Iveton était membre du Parti communiste algérien qui choisit en juin 1955 de participer à l’insurrection et qui sera interdit le 12 septembre 1955. Le PCF, en France, est engagé dans une campagne « paix en Algérie » et refuse d’approuver l’usage de la violence, même si ses relations avec le PCA sont étroites et s’il mobilisa ses avocats dans la défense des prisonniers politiques. En revanche, le climat d’hystérie anti-FLN est tel à cette période que le PCF renonça à lancer une campagne d’envergure de soutien à Iveton.

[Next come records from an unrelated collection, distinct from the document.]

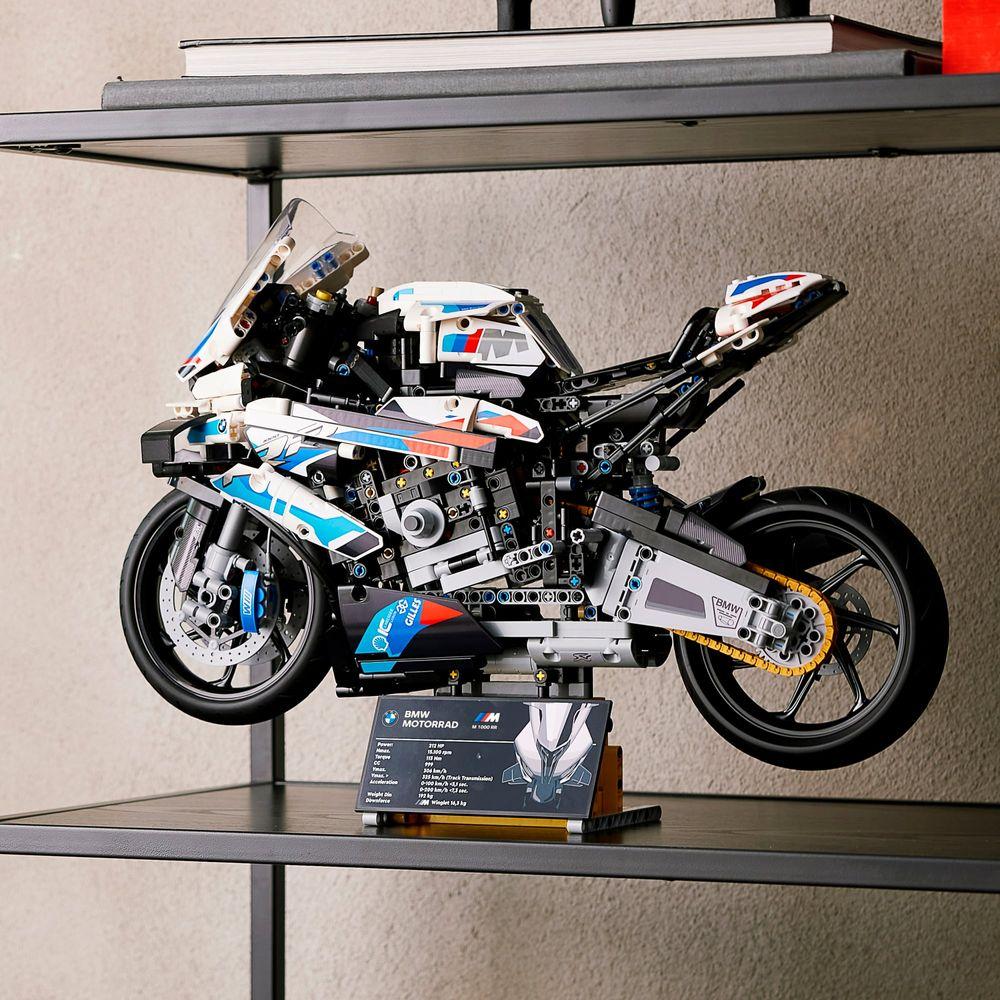 LEGO® Technic™ - BMW M 1000 RR - 6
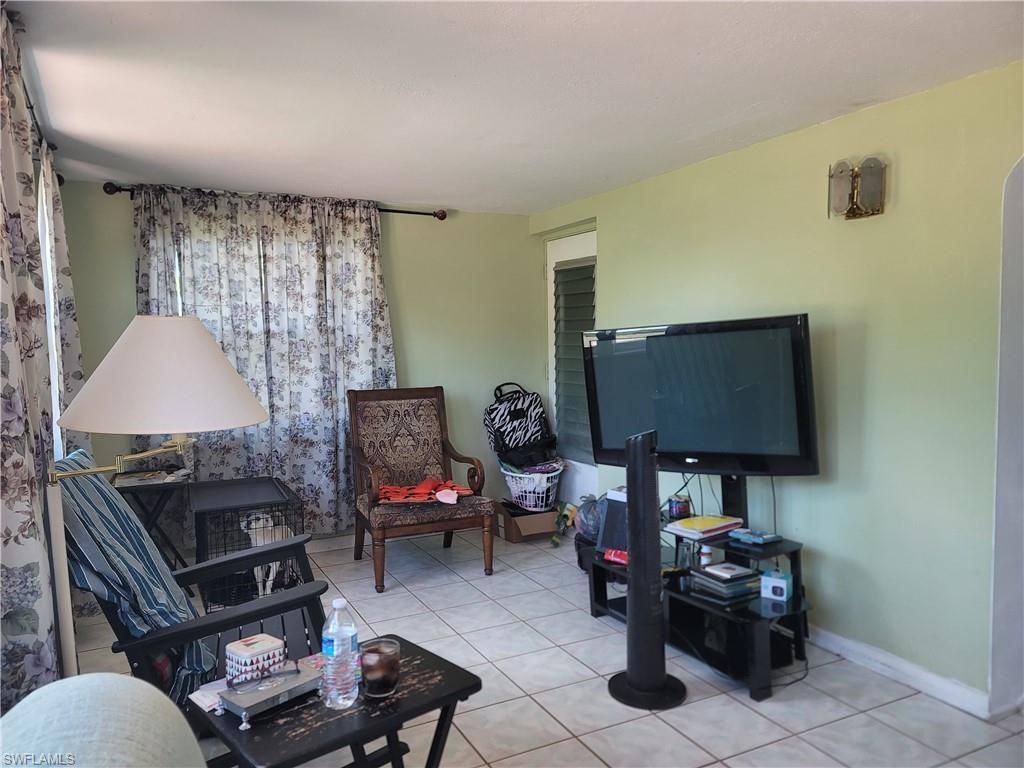 511 Wyoming Rd , Lehigh Acres, FL 33936 Photo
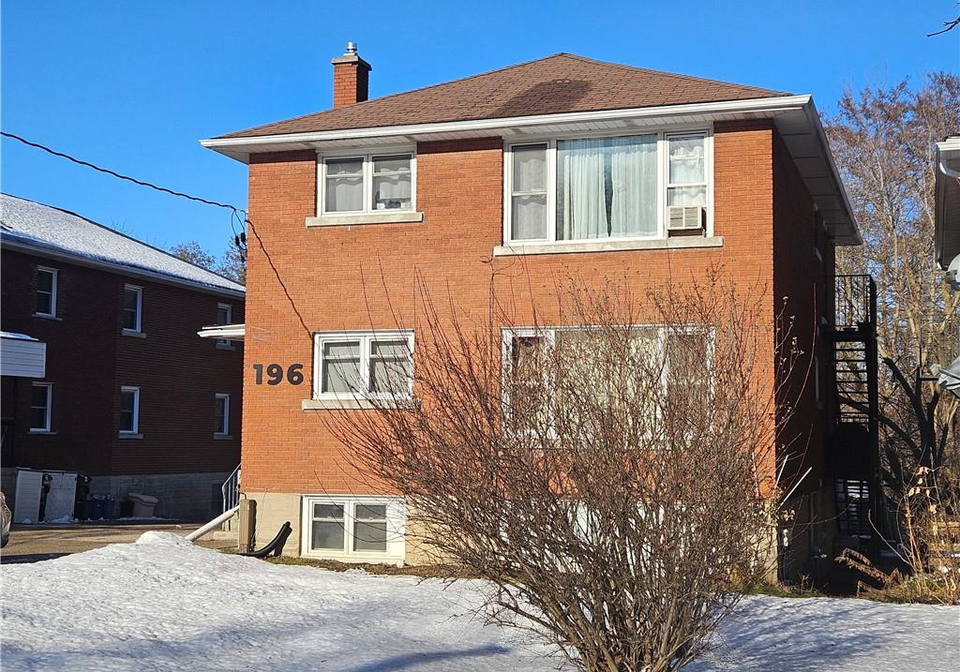 196-allen-street-e-waterloo-ontario-40794998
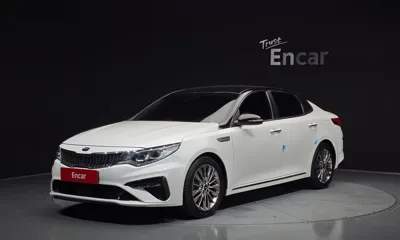 Kia K5 · 2019 год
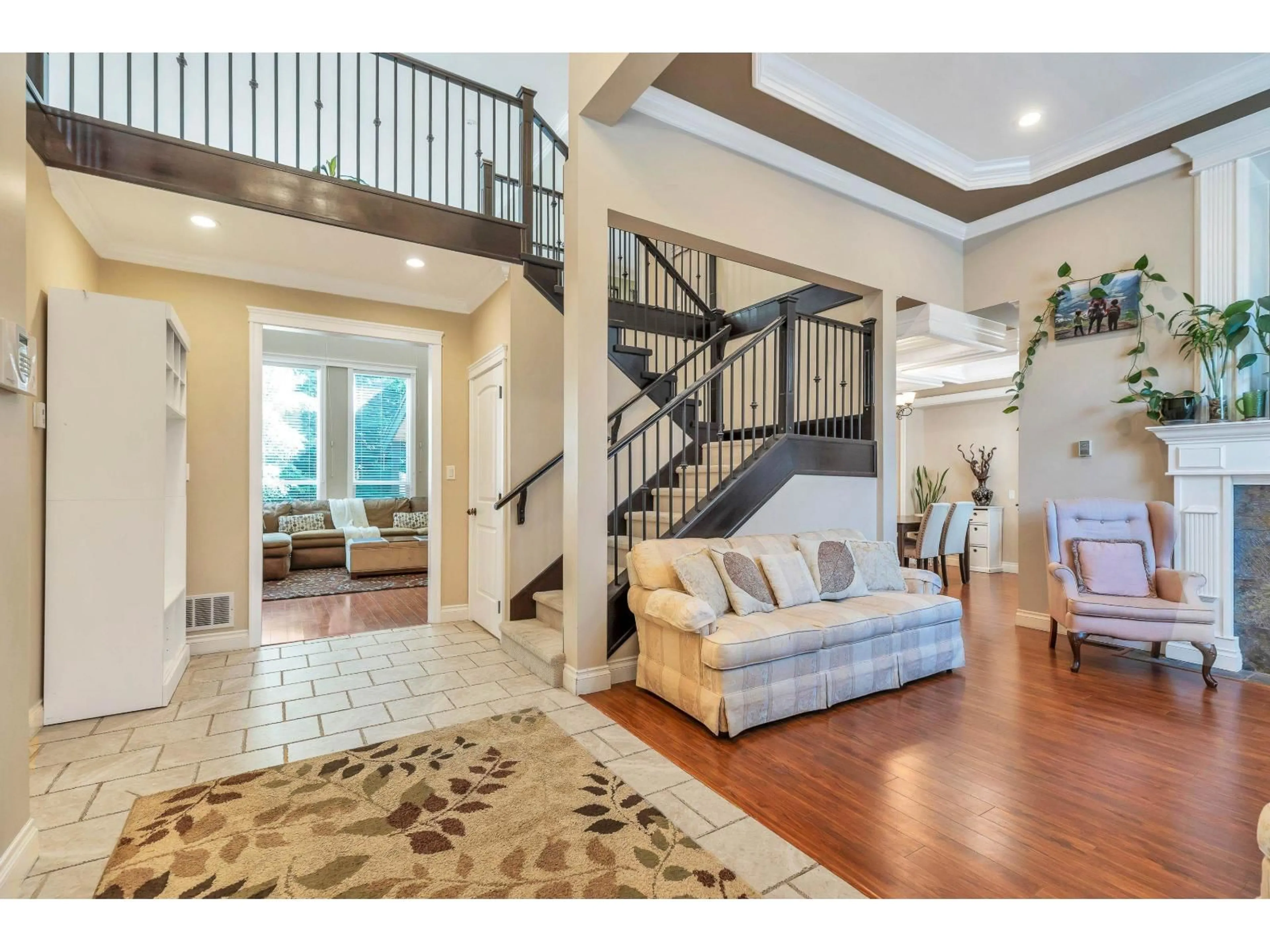 Indoor entryway for 8437 BAILEY PLACE, Mission British Columbia V4S0B3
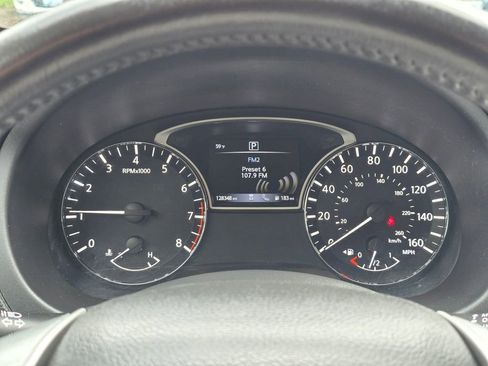 Used 2018 Nissan Altima FWD image 16
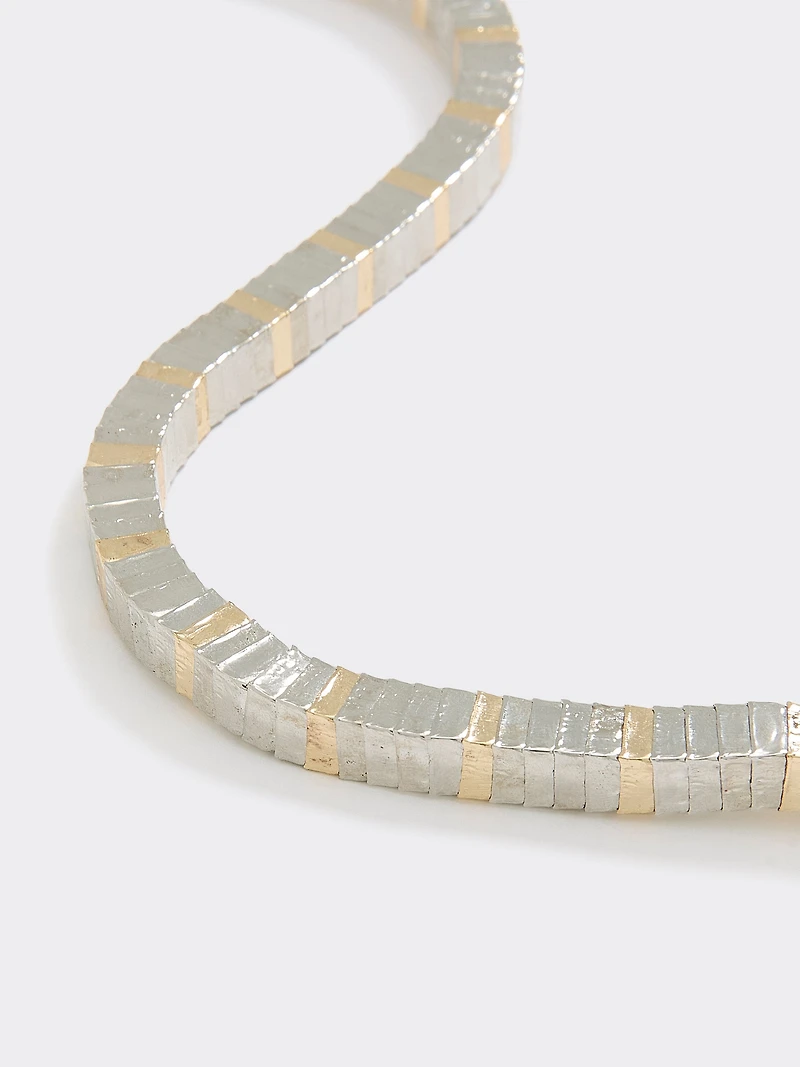 Collier court métallique à deux tons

De nos frères blessés, le film adapté par le réalisateur Hélier Cisterne de la biographie romancée de Joseph Andras (Actes Sud, 2016), en collaboration avec Antoine Barraud, reprend par le procédé classique du flashback, pour raconter le présent de l’arrestation et du procès d’Iveton (Vincent Lacoste), troué par les souvenirs de sa rencontre avec celle qui deviendra sa femme, Hélène (Vicky Krieps) et leur vie dans l’Alger populaire et multiracial des années 1950. Les deux acteurs font la démonstration de leur remarquable talent. Il et elle donnent à cette tragédie politique une épaisseur humaine propre à émouvoir un public contemporain pour qui Fernand Iveton est sans doute un complet inconnu… L’actrice luxembourgeoise Vicky Krieps qu’on a découverte récemment en France dans le film de Mathieu Amalric Serre moi fort, donne à son personnage une authenticité bouleversante.
Autre atout du film : la coproduction avec l’Algérie qui permet de voir évoluer les protagonistes dans un Alger qui n’a pas beaucoup changé depuis les dernières années de la colonisation… Il manque peut-être au film une contextualisation politique qui est plus précise dans le livre, en particulier concernant Henri Maillot, l’ami le plus proche d’Iveton qui déserta avec un camion d’armes pour rejoindre un groupe de maquisards communistes et fut exécuté après que le groupe a été pris en embuscade.
Si l’épisode de la rencontre entre Fernand et Hélène, elle-même fille d’ouvriers polonais, est évoqué avec beaucoup de lyrisme, l’adaptation a ajouté des scènes d’affrontement entre Hélène et son mari à propos de son engagement politique, qui n’existent pas dans le livre : le réalisateur a-t-il voulu donner plus de complexité à ses personnages ou est-il influencé par la dépolitisation contemporaine ?
Moins politique que le livre de Joseph Andras, le film de Hélier Cisterne a le mérite de donner chair à un épisode de la décolonisation qui témoigne d’une utopie mort-née : la fraternisation des classes populaires d’origine européenne et « indigène ».